Goal of the exercise: The lines from the start of the data through the line with "A Victorian and" are to be returned verbatim; all later lines are to be omitted.

Task data:
※
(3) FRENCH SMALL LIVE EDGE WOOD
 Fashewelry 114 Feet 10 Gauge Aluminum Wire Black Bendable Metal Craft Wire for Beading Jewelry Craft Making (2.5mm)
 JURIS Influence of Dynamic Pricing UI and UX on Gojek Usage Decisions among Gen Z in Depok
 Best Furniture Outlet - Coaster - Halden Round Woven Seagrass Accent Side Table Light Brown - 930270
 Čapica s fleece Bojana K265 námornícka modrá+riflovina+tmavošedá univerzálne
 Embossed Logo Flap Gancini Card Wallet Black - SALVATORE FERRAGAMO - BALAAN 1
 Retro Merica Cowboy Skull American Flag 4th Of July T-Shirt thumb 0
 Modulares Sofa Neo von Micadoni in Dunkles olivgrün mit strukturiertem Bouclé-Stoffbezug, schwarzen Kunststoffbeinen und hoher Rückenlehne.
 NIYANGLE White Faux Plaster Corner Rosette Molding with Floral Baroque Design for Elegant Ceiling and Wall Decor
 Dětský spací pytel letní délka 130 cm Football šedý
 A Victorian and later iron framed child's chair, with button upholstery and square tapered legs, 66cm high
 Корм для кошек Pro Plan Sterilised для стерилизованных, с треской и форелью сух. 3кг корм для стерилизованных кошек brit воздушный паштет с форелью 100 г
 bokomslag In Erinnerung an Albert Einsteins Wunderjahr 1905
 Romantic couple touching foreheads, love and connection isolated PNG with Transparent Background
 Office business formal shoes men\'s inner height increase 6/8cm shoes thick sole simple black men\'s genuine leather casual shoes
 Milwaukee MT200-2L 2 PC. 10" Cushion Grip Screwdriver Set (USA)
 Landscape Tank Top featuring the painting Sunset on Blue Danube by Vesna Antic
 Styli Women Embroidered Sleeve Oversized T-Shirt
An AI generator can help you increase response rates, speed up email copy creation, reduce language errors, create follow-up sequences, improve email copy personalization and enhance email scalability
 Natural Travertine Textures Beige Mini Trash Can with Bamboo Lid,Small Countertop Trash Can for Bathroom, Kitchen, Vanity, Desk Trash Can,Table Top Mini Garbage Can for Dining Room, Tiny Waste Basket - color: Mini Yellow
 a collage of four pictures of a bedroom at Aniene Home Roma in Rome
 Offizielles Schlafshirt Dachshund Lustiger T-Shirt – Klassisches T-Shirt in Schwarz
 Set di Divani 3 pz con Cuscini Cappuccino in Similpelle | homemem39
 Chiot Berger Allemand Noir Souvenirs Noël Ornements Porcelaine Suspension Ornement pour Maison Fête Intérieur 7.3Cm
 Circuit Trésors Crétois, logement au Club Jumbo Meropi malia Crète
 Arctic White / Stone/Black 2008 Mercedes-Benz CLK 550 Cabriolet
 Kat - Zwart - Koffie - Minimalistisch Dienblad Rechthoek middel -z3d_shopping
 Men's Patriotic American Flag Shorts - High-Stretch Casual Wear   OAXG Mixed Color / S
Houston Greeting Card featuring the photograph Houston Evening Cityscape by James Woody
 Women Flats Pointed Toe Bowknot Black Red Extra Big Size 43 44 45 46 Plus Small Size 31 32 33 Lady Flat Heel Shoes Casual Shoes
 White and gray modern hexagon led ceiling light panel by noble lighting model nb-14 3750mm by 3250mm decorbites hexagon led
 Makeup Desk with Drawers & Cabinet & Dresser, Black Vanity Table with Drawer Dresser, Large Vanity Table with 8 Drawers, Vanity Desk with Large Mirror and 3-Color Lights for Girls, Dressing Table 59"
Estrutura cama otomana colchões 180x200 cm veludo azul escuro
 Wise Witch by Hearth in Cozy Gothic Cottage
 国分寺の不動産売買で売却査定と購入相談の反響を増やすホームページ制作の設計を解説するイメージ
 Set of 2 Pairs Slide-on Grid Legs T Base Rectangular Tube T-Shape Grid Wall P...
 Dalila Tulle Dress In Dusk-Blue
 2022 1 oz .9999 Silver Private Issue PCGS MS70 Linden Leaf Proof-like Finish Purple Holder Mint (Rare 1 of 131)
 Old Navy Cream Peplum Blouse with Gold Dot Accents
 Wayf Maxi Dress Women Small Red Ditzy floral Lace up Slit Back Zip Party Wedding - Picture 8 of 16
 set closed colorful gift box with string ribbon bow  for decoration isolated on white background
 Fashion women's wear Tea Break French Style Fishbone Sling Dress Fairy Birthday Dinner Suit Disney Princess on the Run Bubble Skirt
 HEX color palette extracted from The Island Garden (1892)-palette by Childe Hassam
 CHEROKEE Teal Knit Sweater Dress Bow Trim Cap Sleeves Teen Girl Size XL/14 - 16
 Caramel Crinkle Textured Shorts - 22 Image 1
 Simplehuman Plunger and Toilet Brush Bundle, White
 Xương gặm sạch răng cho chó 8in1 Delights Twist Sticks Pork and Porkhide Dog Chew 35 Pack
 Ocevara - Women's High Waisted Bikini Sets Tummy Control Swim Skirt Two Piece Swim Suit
※
Written response:
(3) FRENCH SMALL LIVE EDGE WOOD
 Fashewelry 114 Feet 10 Gauge Aluminum Wire Black Bendable Metal Craft Wire for Beading Jewelry Craft Making (2.5mm)
 JURIS Influence of Dynamic Pricing UI and UX on Gojek Usage Decisions among Gen Z in Depok
 Best Furniture Outlet - Coaster - Halden Round Woven Seagrass Accent Side Table Light Brown - 930270
 Čapica s fleece Bojana K265 námornícka modrá+riflovina+tmavošedá univerzálne
 Embossed Logo Flap Gancini Card Wallet Black - SALVATORE FERRAGAMO - BALAAN 1
 Retro Merica Cowboy Skull American Flag 4th Of July T-Shirt thumb 0
 Modulares Sofa Neo von Micadoni in Dunkles olivgrün mit strukturiertem Bouclé-Stoffbezug, schwarzen Kunststoffbeinen und hoher Rückenlehne.
 NIYANGLE White Faux Plaster Corner Rosette Molding with Floral Baroque Design for Elegant Ceiling and Wall Decor
 Dětský spací pytel letní délka 130 cm Football šedý
 A Victorian and later iron framed child's chair, with button upholstery and square tapered legs, 66cm high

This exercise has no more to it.